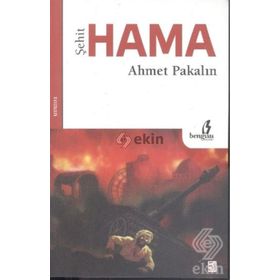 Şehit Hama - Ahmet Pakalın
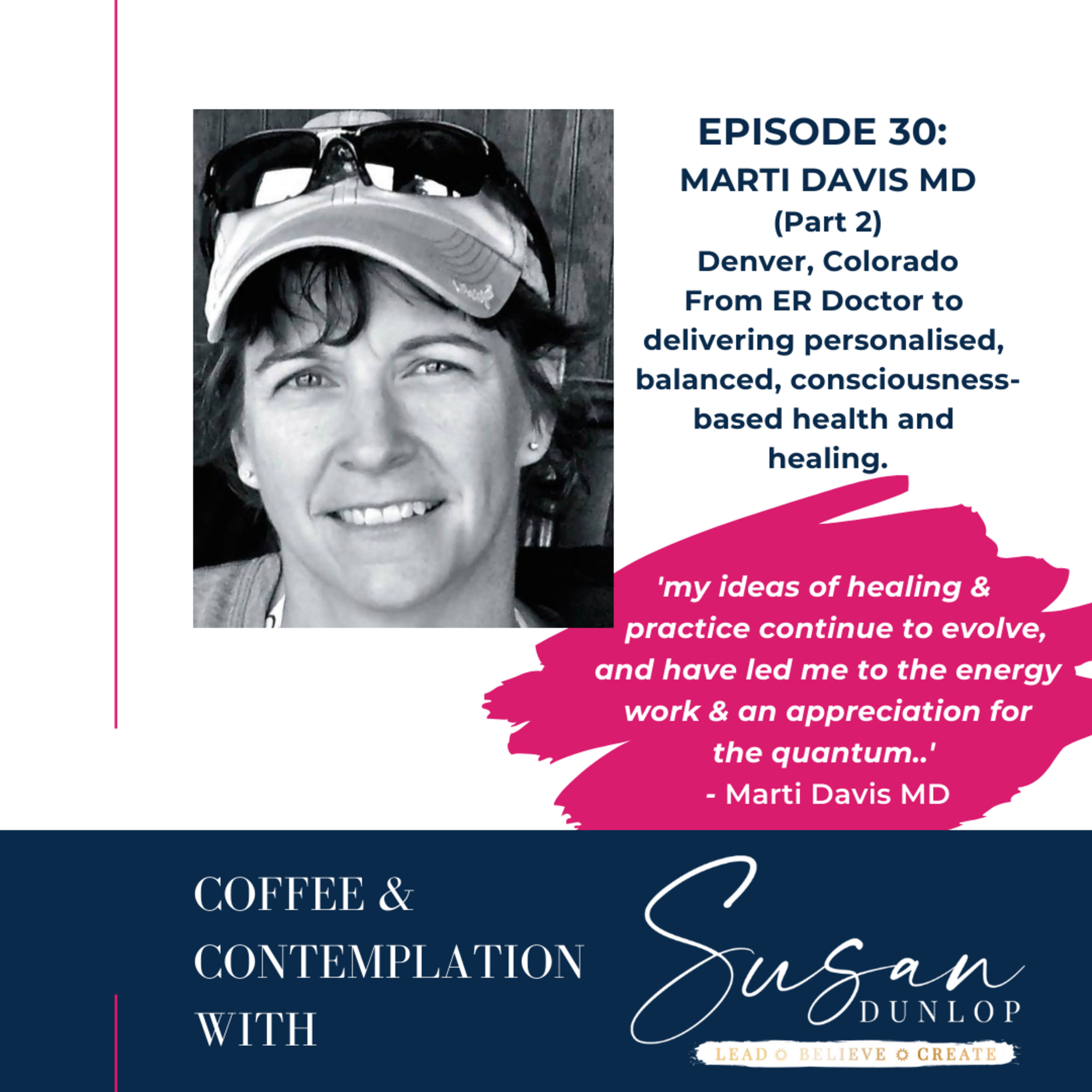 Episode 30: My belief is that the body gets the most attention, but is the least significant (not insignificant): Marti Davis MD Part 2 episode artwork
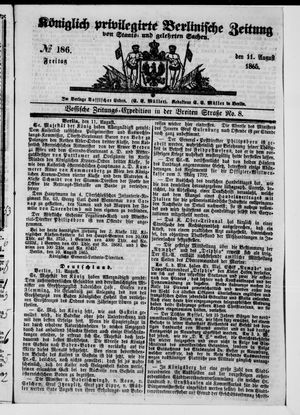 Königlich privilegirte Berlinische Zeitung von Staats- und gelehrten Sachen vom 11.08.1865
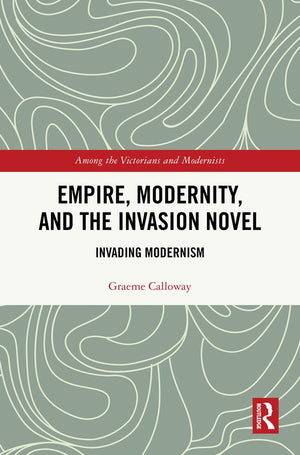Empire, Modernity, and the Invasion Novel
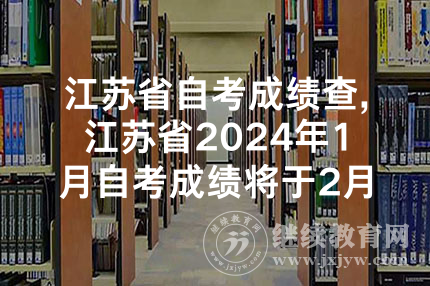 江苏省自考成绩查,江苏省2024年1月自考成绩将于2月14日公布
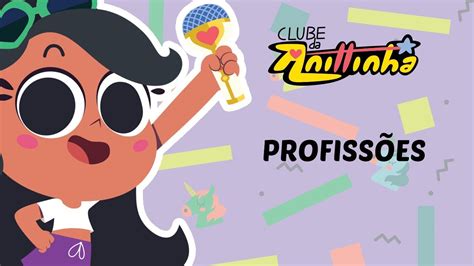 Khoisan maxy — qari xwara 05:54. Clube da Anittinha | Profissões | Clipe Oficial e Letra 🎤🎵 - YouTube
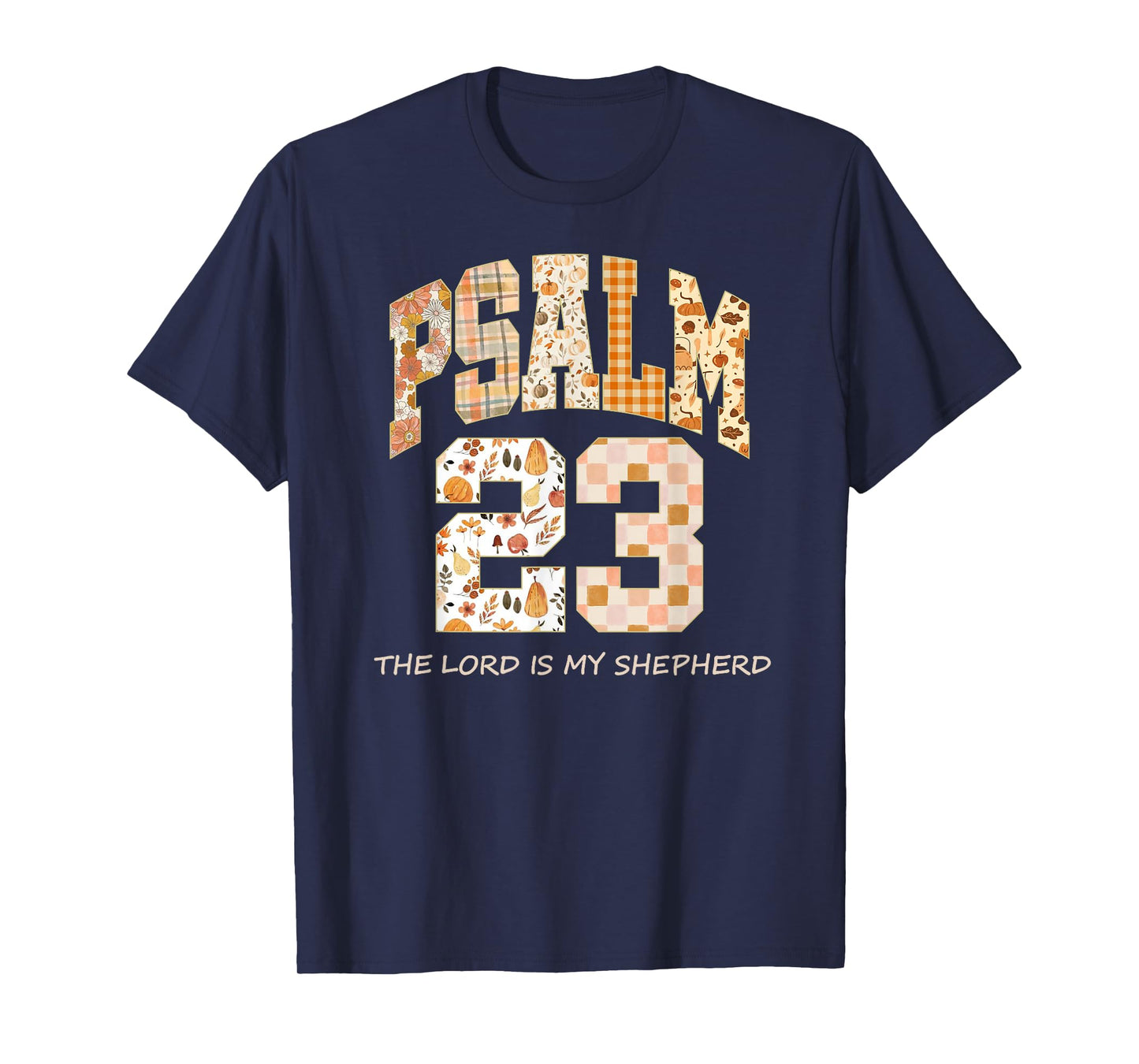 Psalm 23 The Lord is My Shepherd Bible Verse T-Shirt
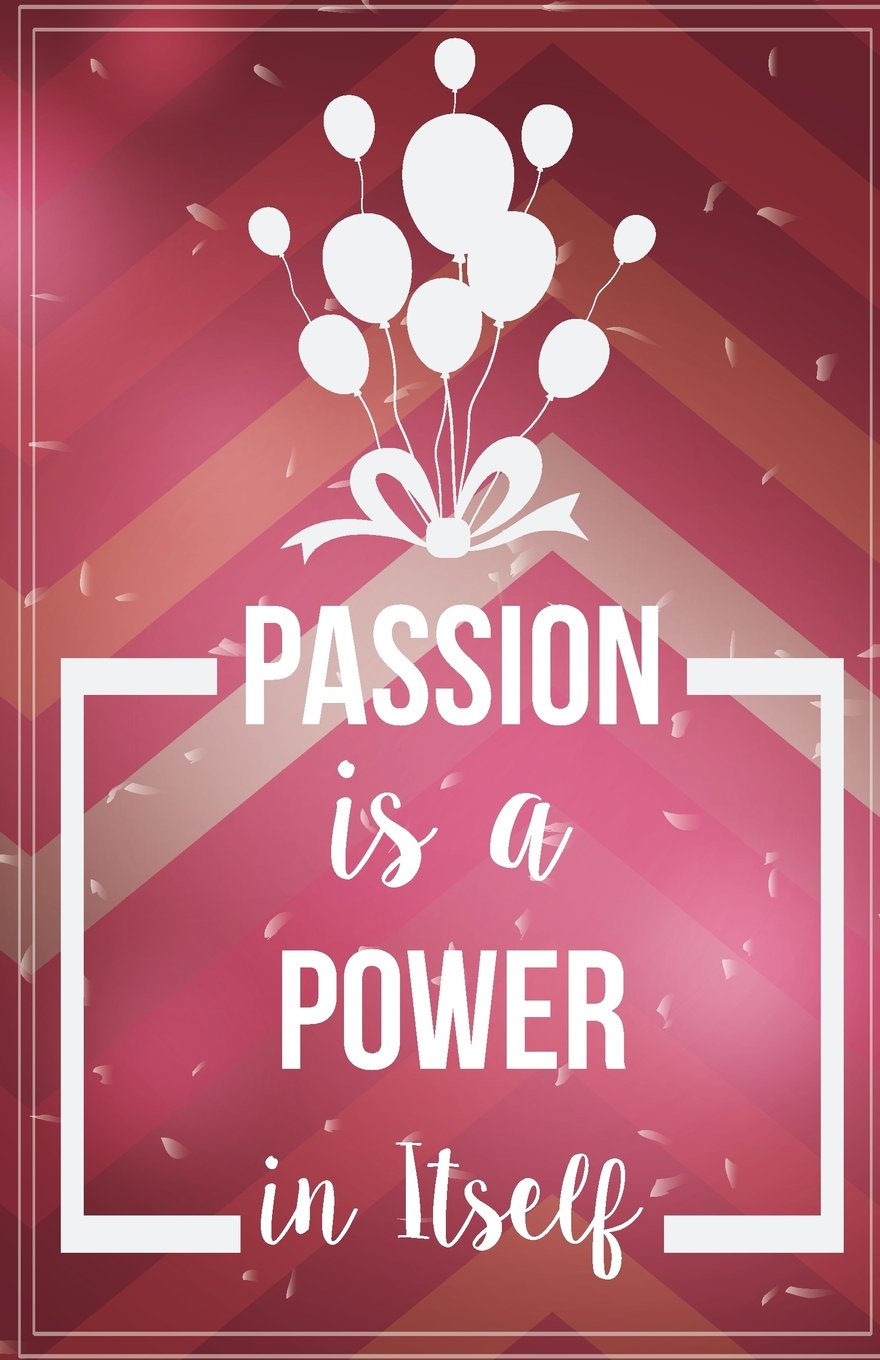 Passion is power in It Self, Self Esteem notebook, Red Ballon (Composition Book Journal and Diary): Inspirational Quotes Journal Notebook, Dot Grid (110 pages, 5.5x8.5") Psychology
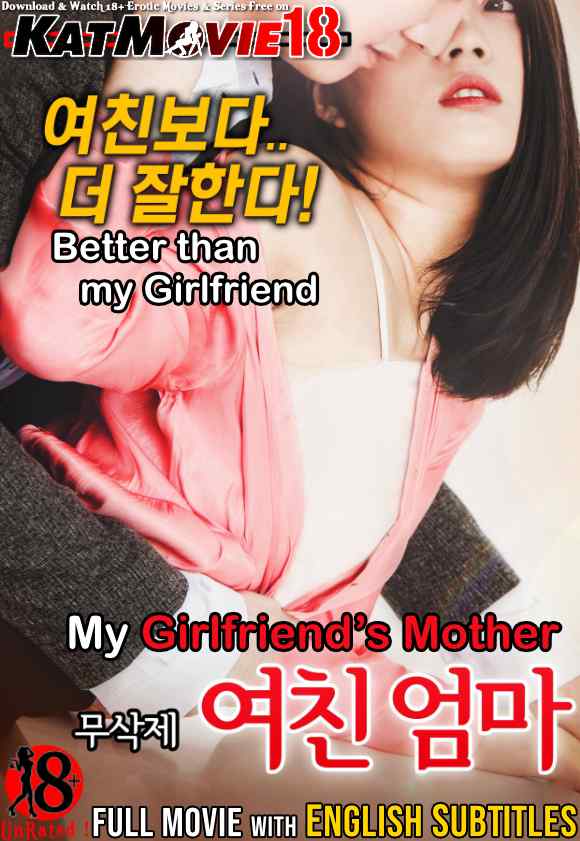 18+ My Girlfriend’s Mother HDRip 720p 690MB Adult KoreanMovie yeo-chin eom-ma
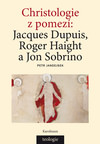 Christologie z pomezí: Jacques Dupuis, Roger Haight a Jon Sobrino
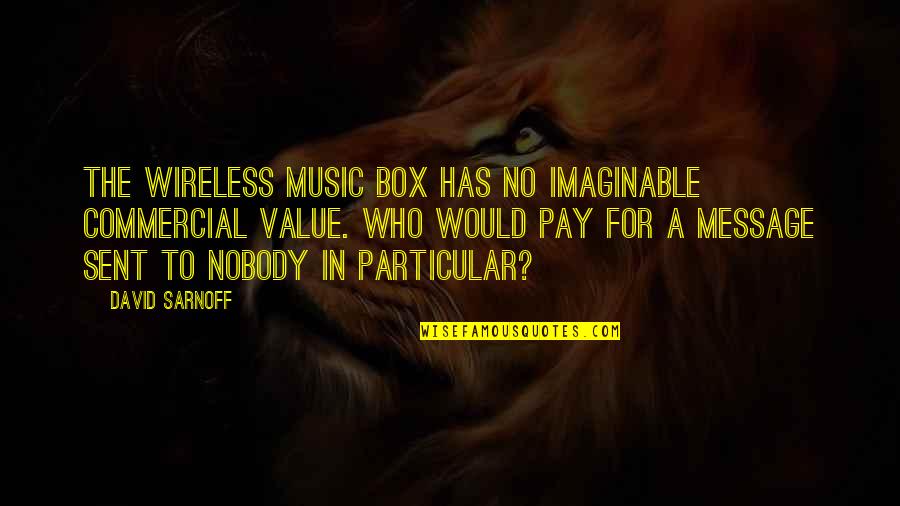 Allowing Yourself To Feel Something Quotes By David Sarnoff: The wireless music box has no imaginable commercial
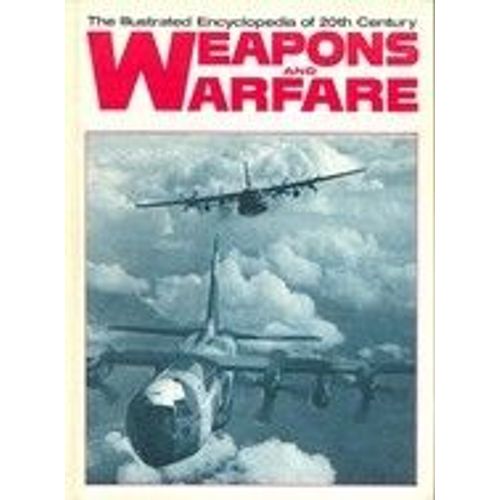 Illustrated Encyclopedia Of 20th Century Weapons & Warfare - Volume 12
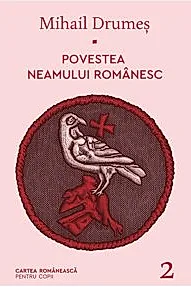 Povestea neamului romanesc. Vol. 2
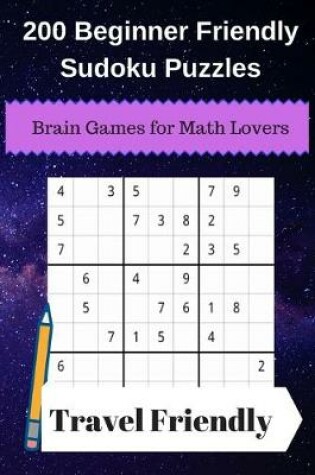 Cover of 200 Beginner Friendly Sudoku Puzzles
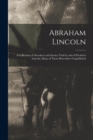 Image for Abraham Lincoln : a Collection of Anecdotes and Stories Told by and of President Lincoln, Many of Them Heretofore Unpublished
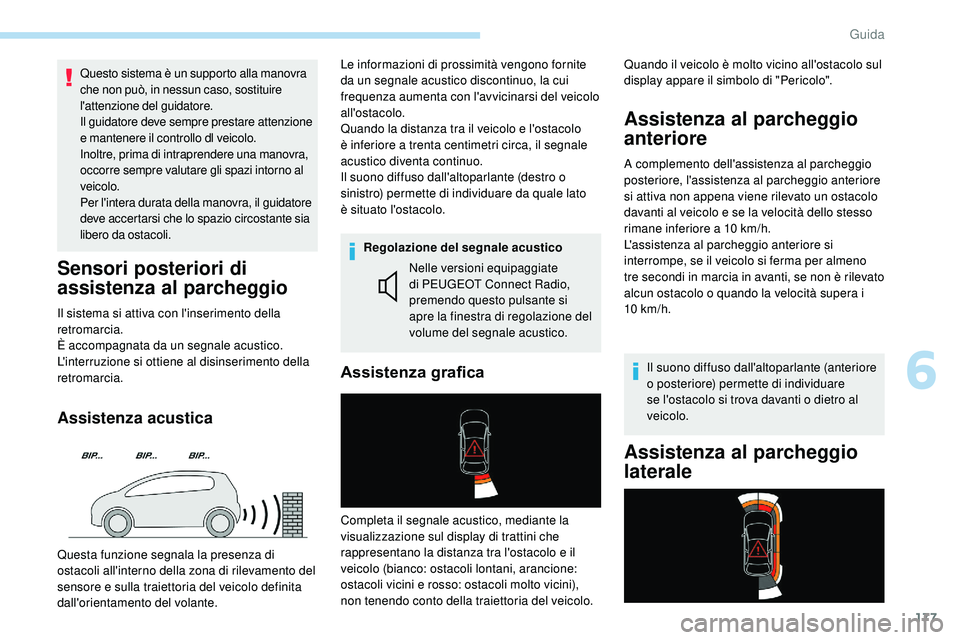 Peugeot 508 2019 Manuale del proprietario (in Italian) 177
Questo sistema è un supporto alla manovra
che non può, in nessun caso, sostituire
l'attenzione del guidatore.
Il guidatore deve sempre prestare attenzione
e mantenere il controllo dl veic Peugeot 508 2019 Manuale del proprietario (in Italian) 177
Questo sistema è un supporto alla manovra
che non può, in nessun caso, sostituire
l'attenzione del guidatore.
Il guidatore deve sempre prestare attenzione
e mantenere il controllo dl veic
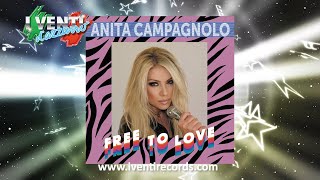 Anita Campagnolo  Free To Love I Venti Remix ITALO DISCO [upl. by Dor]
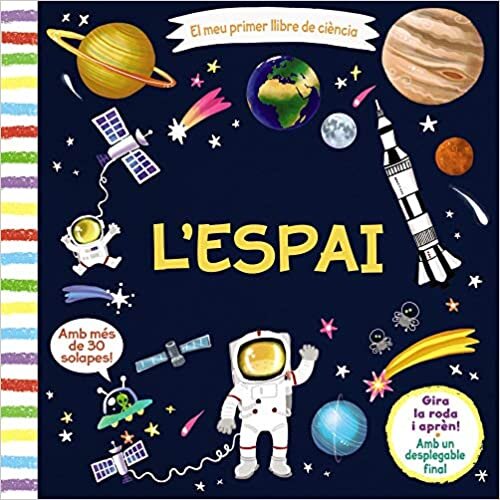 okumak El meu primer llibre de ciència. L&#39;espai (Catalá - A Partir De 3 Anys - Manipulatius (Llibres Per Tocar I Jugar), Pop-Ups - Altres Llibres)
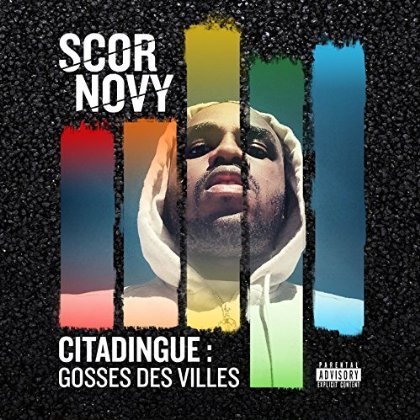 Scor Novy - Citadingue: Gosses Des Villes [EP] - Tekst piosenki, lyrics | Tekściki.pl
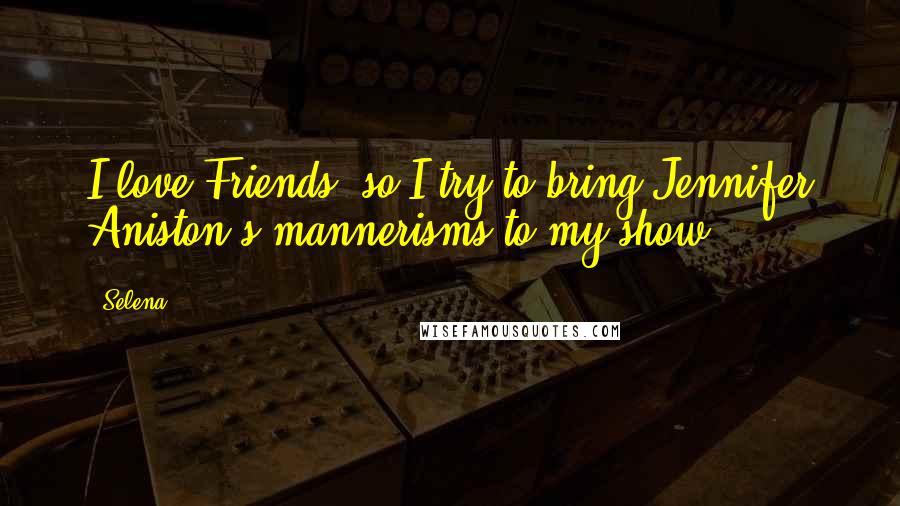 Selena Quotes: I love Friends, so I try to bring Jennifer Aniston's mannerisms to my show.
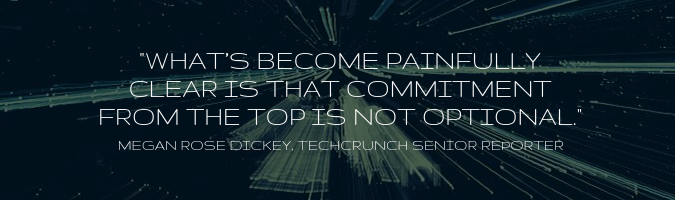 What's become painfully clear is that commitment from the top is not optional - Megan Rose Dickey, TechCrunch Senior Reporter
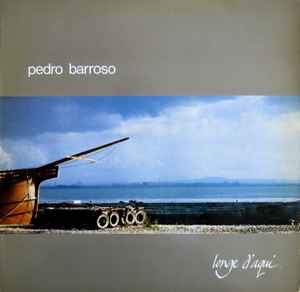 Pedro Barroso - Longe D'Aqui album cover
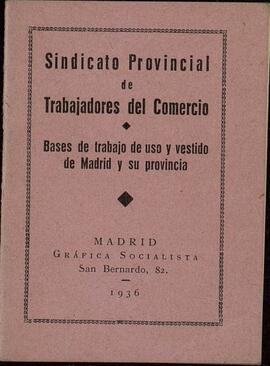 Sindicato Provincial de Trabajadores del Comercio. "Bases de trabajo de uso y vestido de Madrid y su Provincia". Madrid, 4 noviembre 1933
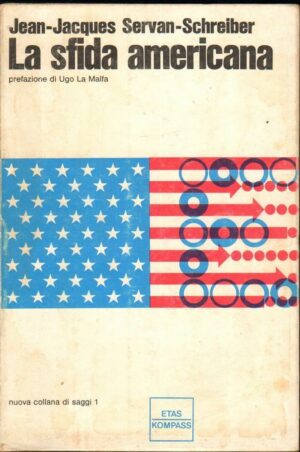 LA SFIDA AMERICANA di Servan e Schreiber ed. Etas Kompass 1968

********

Go through the entries above and write them out again exactly, images left behind.

**Result:**
 Şehit Hama - Ahmet Pakalın
 Episode 30: My belief is that the body gets the most attention, but is the least significant (not insignificant): Marti Davis MD Part 2 episode artwork
 Königlich privilegirte Berlinische Zeitung von Staats- und gelehrten Sachen vom 11.08.1865
Empire, Modernity, and the Invasion Novel
 江苏省自考成绩查,江苏省2024年1月自考成绩将于2月14日公布
 Khoisan maxy — qari xwara 05:54. Clube da Anittinha | Profissões | Clipe Oficial e Letra 🎤🎵 - YouTube
 Psalm 23 The Lord is My Shepherd Bible Verse T-Shirt
 Passion is power in It Self, Self Esteem notebook, Red Ballon (Composition Book Journal and Diary): Inspirational Quotes Journal Notebook, Dot Grid (110 pages, 5.5x8.5") Psychology
 18+ My Girlfriend’s Mother HDRip 720p 690MB Adult KoreanMovie yeo-chin eom-ma
 Christologie z pomezí: Jacques Dupuis, Roger Haight a Jon Sobrino
 Allowing Yourself To Feel Something Quotes By David Sarnoff: The wireless music box has no imaginable commercial
 Illustrated Encyclopedia Of 20th Century Weapons & Warfare - Volume 12
 Povestea neamului romanesc. Vol. 2
 Cover of 200 Beginner Friendly Sudoku Puzzles
 Image for Abraham Lincoln : a Collection of Anecdotes and Stories Told by and of President Lincoln, Many of Them Heretofore Unpublished
 Peugeot 508 2019 Manuale del proprietario (in Italian) 177
Questo sistema è un supporto alla manovra
che non può, in nessun caso, sostituire
l'attenzione del guidatore.
Il guidatore deve sempre prestare attenzione
e mantenere il controllo dl veic Peugeot 508 2019 Manuale del proprietario (in Italian) 177
Questo sistema è un supporto alla manovra
che non può, in nessun caso, sostituire
l'attenzione del guidatore.
Il guidatore deve sempre prestare attenzione
e mantenere il controllo dl veic
 Anita Campagnolo  Free To Love I Venti Remix ITALO DISCO [upl. by Dor]
 okumak El meu primer llibre de ciència. L&#39;espai (Catalá - A Partir De 3 Anys - Manipulatius (Llibres Per Tocar I Jugar), Pop-Ups - Altres Llibres)
 Scor Novy - Citadingue: Gosses Des Villes [EP] - Tekst piosenki, lyrics | Tekściki.pl
 Selena Quotes: I love Friends, so I try to bring Jennifer Aniston's mannerisms to my show.
 What's become painfully clear is that commitment from the top is not optional - Megan Rose Dickey, TechCrunch Senior Reporter
 Pedro Barroso - Longe D'Aqui album cover
 Sindicato Provincial de Trabajadores del Comercio. "Bases de trabajo de uso y vestido de Madrid y su Provincia". Madrid, 4 noviembre 1933
 LA SFIDA AMERICANA di Servan e Schreiber ed. Etas Kompass 1968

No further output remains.